* RECORDED DATA
=== Section Start ===
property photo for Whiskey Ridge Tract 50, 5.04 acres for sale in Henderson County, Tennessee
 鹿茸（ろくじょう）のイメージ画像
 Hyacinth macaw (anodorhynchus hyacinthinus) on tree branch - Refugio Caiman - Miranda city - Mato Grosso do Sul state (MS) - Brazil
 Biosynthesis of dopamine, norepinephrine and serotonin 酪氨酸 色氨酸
=== Section End ===
* WHAT THE TASK REQUIRES
An exact copy of every line above is what this asks for.

* FINAL ANSWER
property photo for Whiskey Ridge Tract 50, 5.04 acres for sale in Henderson County, Tennessee
 鹿茸（ろくじょう）のイメージ画像
 Hyacinth macaw (anodorhynchus hyacinthinus) on tree branch - Refugio Caiman - Miranda city - Mato Grosso do Sul state (MS) - Brazil
 Biosynthesis of dopamine, norepinephrine and serotonin 酪氨酸 色氨酸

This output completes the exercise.